Image disclosure protocols should be implemented to distinguish AI-generated content in high-risk categories or regulated markets.

Models
AI-generated human models and composite photography allow brands to display products in use without traditional modelling sessions. These synthetic visuals promote inclusivity and expand creative options at reduced cost.
Synthetic
By generating models of varied body types, ages, and ethnicities, AI improves diversity in representation. This capability enhances consumer relatability while reducing the logistical complexity and cost of model casting.
Platforms like Photoroom and Botika offer tools to create AI-generated fashion models, enabling brands to showcase apparel on diverse virtual models.
Scene
AI tools can insert products into images featuring human interaction, such as apparel on a walking model or kitchenware in use. These composites support storytelling and demonstrate functional use, strengthening emotional resonance.
Justification
Marketers benefit from greater agility in testing visual strategies. The low marginal cost of producing additional AI-based variations enables broader experimentation and faster adaptation based on consumer feedback or performance data.
Campaigns built exclusively on virtual models may lack the authenticity required for high-trust consumer segments, particularly in premium categories.
Optimisation
AI extends beyond creation into the strategic deployment of visual assets. By analysing performance data, it can optimise images for different user profiles, devices, and marketing channels.
Performance
AI systems conduct real-time A/B testing and identify high-performing visuals based on metrics like conversion rate and engagement. This adaptive presentation improves content relevance and maximises ROI.
SEO
Computer vision algorithms auto-generate metadata, including descriptive alt-text and keyword-rich tags. These improvements enhance image indexing, search performance, and category filtering, particularly for retailers managing large inventories.
Personalise
Emerging capabilities in generative AI allow dynamic image generation tailored to individual users. This includes visual variations based on browsing behaviour, demographic signals, or seasonal relevance, aligning imagery with personal preferences to improve engagement.

Statistics
The integration of AI into product photography is supported by notable industry trends:
- The AI image generation market was estimated at $299.2 million in 2023 and is expected to reach $917.4 million by 2024, increasing at a CAGR of 17.4%.

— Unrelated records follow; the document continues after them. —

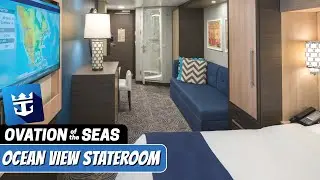 Ovation of the Seas | Ocean View Stateroom Tour & Review | 4K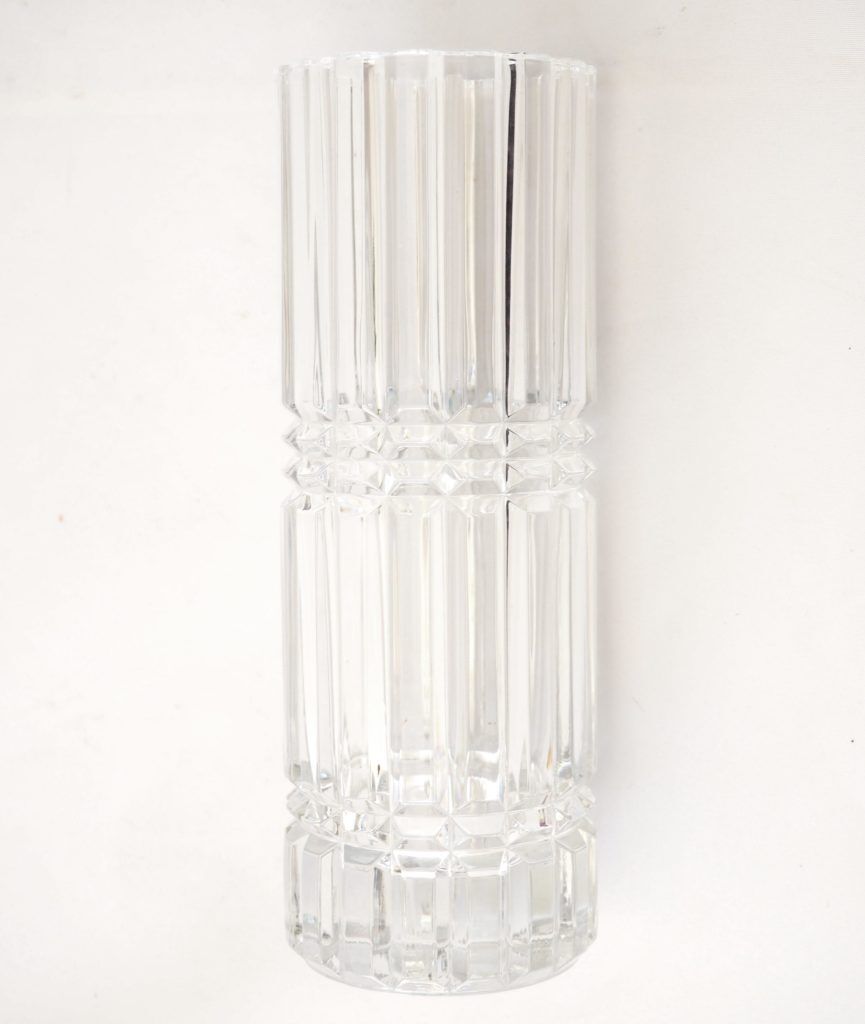 Vase cristal tube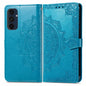 Mandala Flower Embossed Leather Phone Case, For Samsung Galaxy S25 Ultra 5G, For Samsung Galaxy C55, For Samsung Galaxy M55, For Samsung Galaxy S24 Ultra 5G, For Samsung Galaxy S24+ 5G, For Samsung Galaxy S24 5G, For Samsung Galaxy A25 5G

- Approximately 80% of millennial consumers prefer to purchase products that have professionally taken photographs, highlighting the importance of high-quality visuals in e-commerce.
- The global photography equipment market is projected to reach $15 billion by 2025, indicating sustained investment in visual content creation tools.
AI in product photography delivers measurable business value by enhancing image quality, improving operational efficiency, and enabling scalable personalisation. However, to safeguard brand integrity, organisations must integrate AI visuals with authentic product imagery, monitor for over-reliance on synthetic content, and deploy verification workflows. A phased adoption strategy, aligned with regulatory standards and brand governance, ensures performance gains and reputational resilience.